Sickle cell disease is an inherited condition in which the body makes red blood cells containing abnormal hemoglobin, the protein that carries oxygen from the lungs to other cells in the body. This abnormal hemoglobin (hemoglobin S) causes red blood cells to distort into a sickle, or crescent shape that often blocks blood flow in small blood vessels, leading to severe pain and organ damage.
The abnormal hemoglobin in sickle cell disease causes red blood cells to distort into a sickle, or crescent shape that often blocks blood flow in small blood vessels, leading to severe pain and organ damage.

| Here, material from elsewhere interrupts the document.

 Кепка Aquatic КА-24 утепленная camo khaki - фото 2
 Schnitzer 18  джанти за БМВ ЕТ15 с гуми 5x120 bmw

Arginine is an amino acid found in a normal diet, but is also available as a nutritional supplement. Previous work done by the authors identified an acute arginine deficiency in children during pain episodes, with lowest arginine levels found in children with pain severe enough to require hospitalization. A deficiency of nitric oxide, a potent vasodilator, has been identified in sickle cell disease and may contribute to episodes of blocked vessels and pain. Since arginine is a building block of nitric oxide, researchers hypothesized that arginine could be a beneficial treatment for pain related to sickle cell disease.
Previous research by the authors also found that a single dose of arginine given to patients with sickle cell disease and acute pain episodes resulted in a significant dose-dependent increase in plasma nitric oxide concentration.
Building on that knowledge, the current research study was a randomized, double blind placebo control clinical trial of 38 children with sickle cell disease hospitalized for 56 episodes of pain. The research team discovered a 54 percent reduction in the use of opioid pain medication and significantly lower pain scores at hospital discharge in those treated with arginine over those receiving placebo.
The results were published in the journal Haematologica. First author was Claudia R. Morris, MD, Associate Professor of Pediatrics and Emergency Medicine at Emory University School of Medicine. She conducted the study while in her previous position at Children’s Hospital & Research Center Oakland, in Oakland, CA, with Dr. Elliott P. Vichinsky, MD and colleagues.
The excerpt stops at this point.